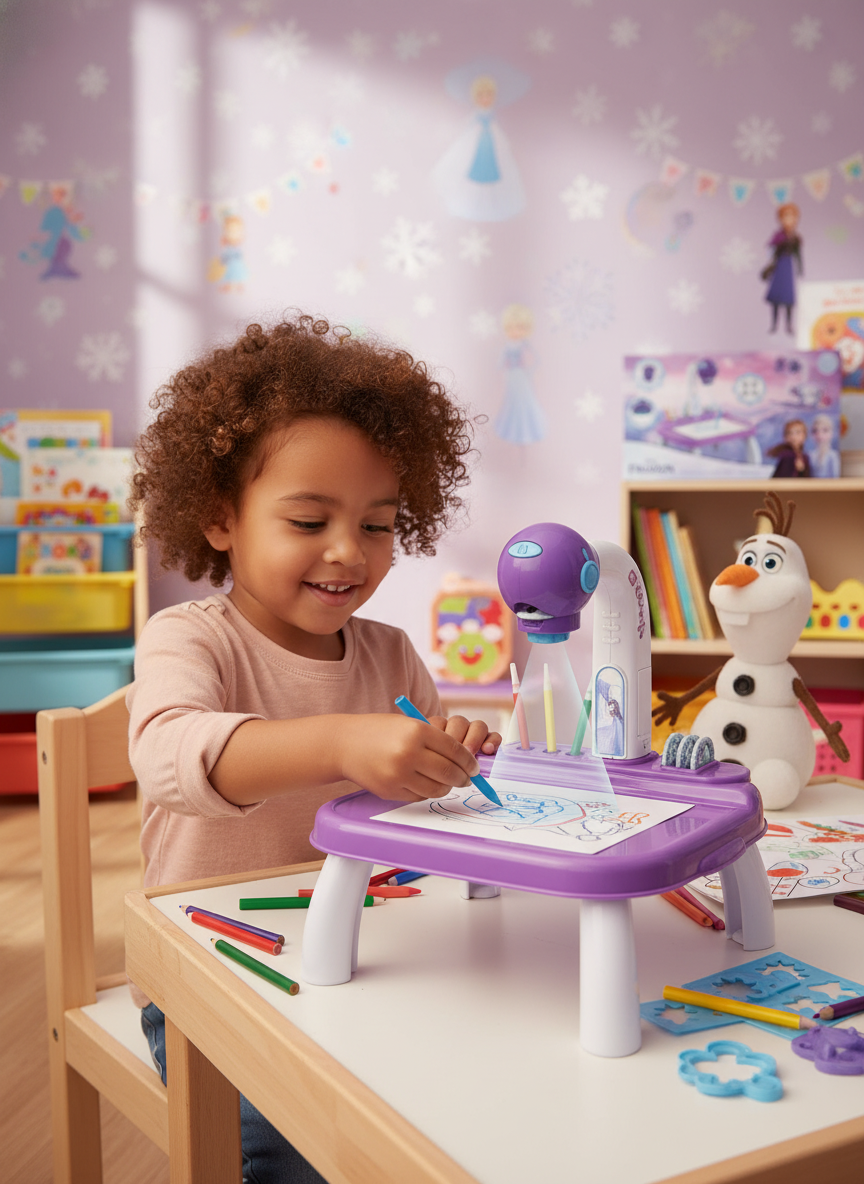 Frozen Projection Painting Learning Board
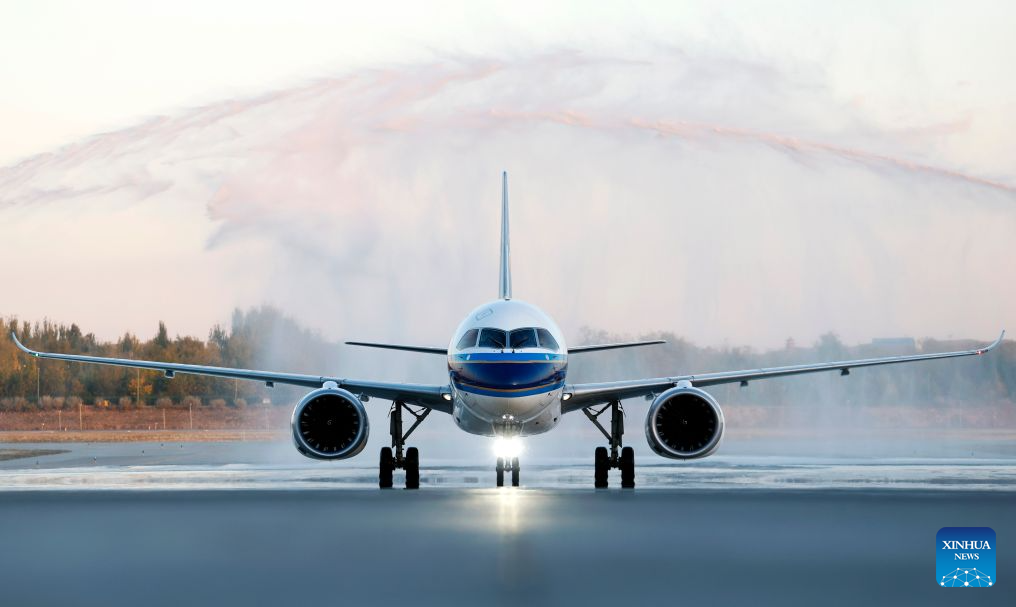 China's homegrown C919 launches first commercial passenger flight to Yinchuan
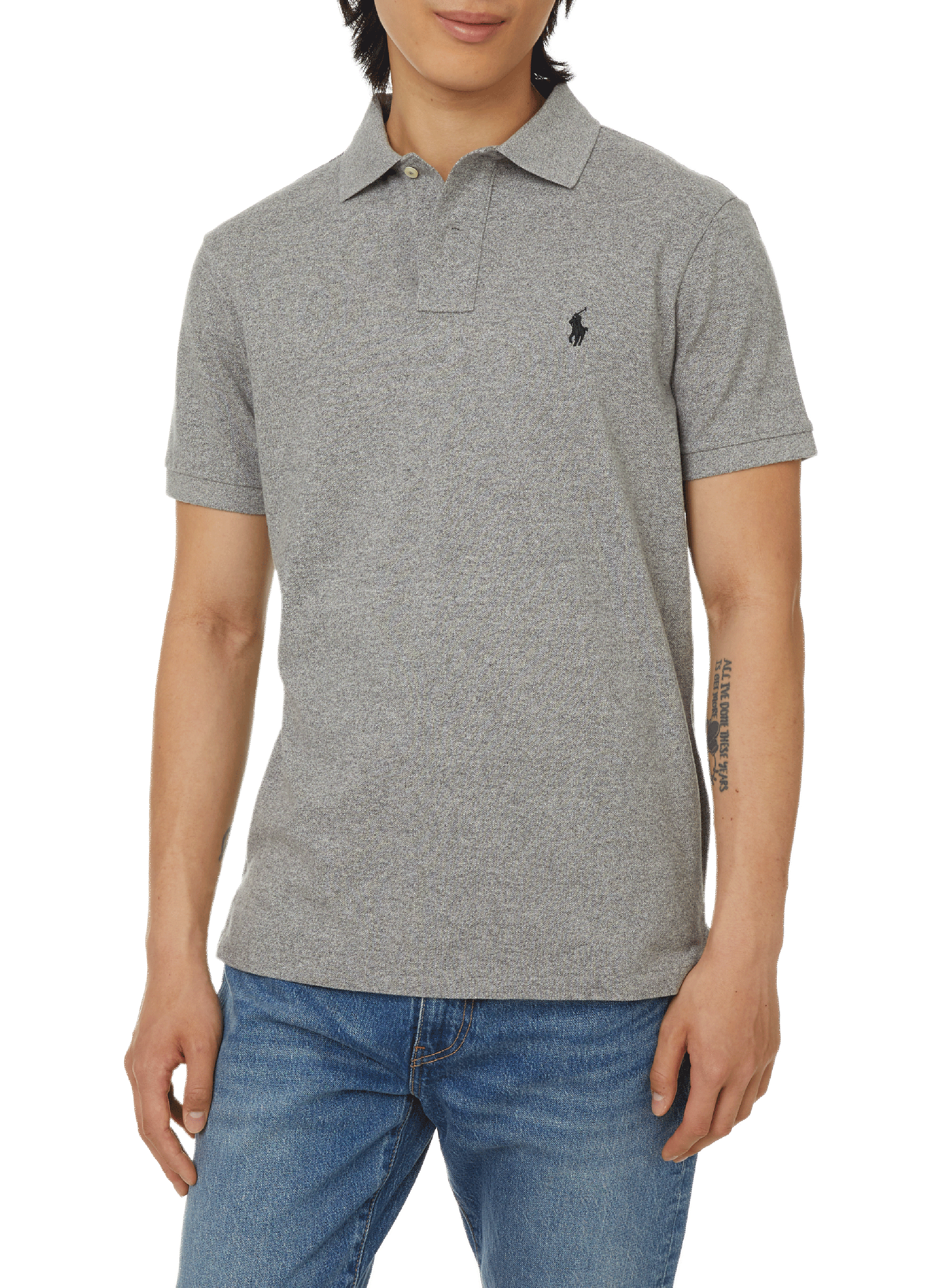 POLO RALPH LAUREN Cotton polo shirt Grey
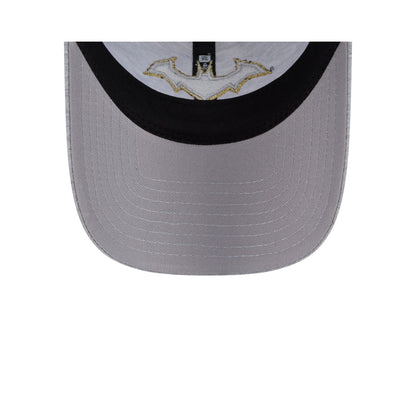 Batgirl Women's Heather Gray Open Back Ponytail Hat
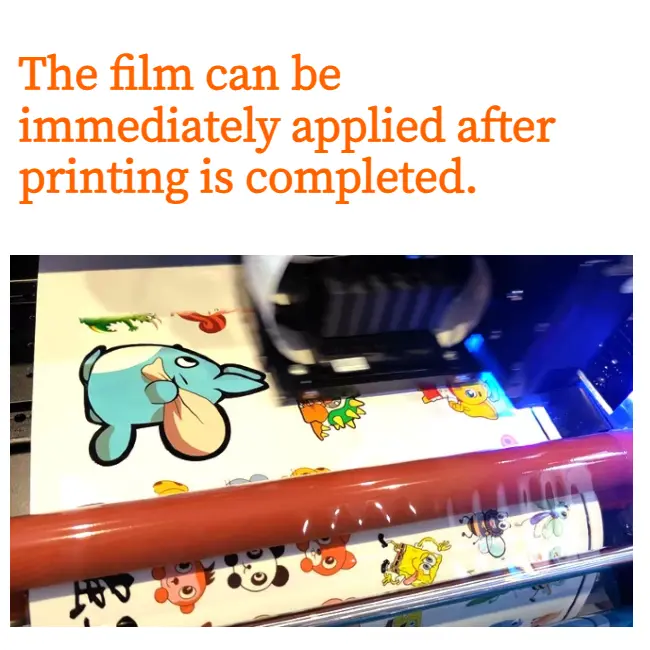 XP600 UV DTF printer with UV curing system printing crystal labels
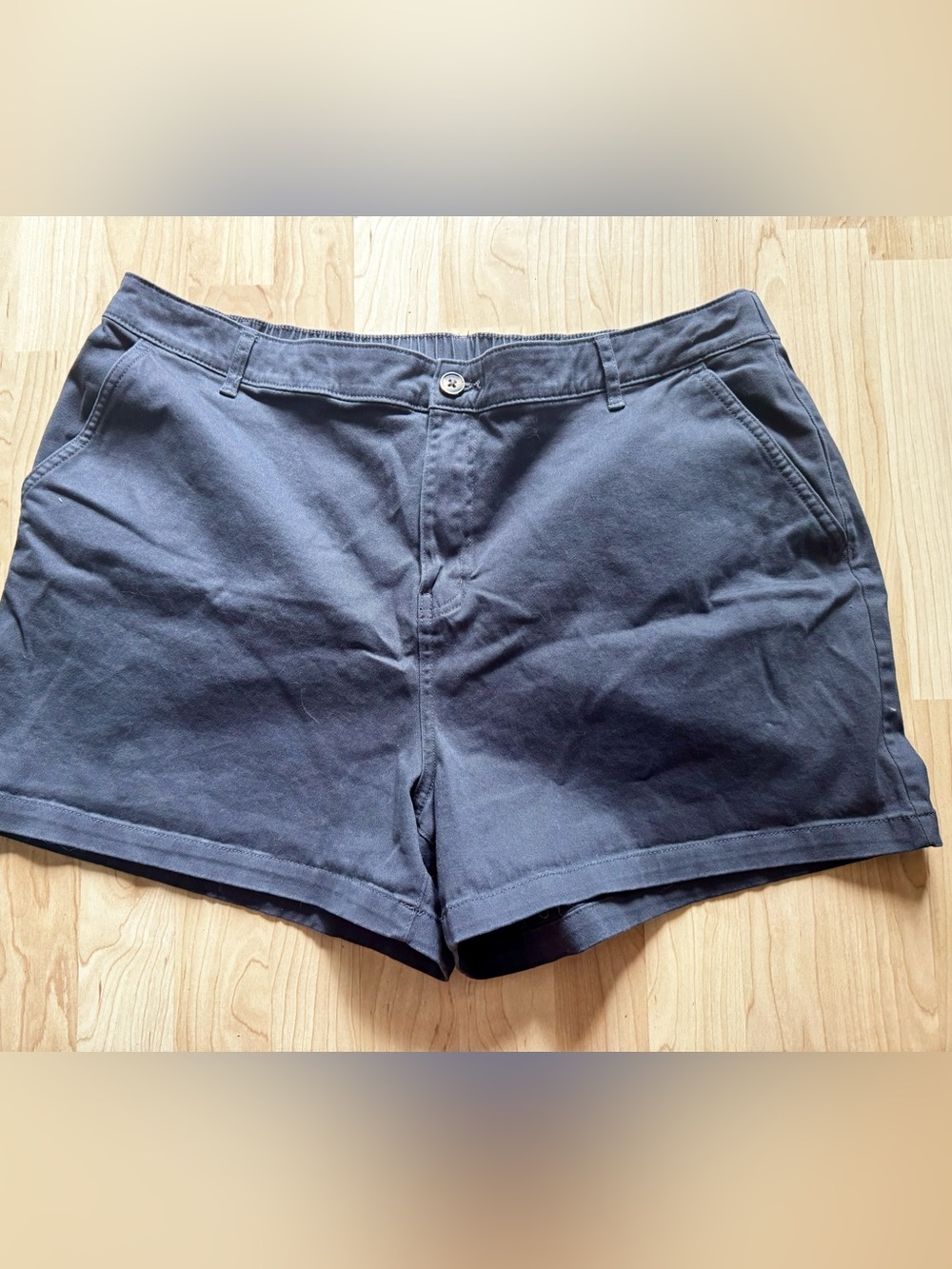 Classic Women's Gray/blue Chino Shorts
________________
Would you reproduce the records exactly as they stand, but without the pictures?

 Frozen Projection Painting Learning Board
 China's homegrown C919 launches first commercial passenger flight to Yinchuan
 POLO RALPH LAUREN Cotton polo shirt Grey
 Batgirl Women's Heather Gray Open Back Ponytail Hat
 XP600 UV DTF printer with UV curing system printing crystal labels
 Classic Women's Gray/blue Chino Shorts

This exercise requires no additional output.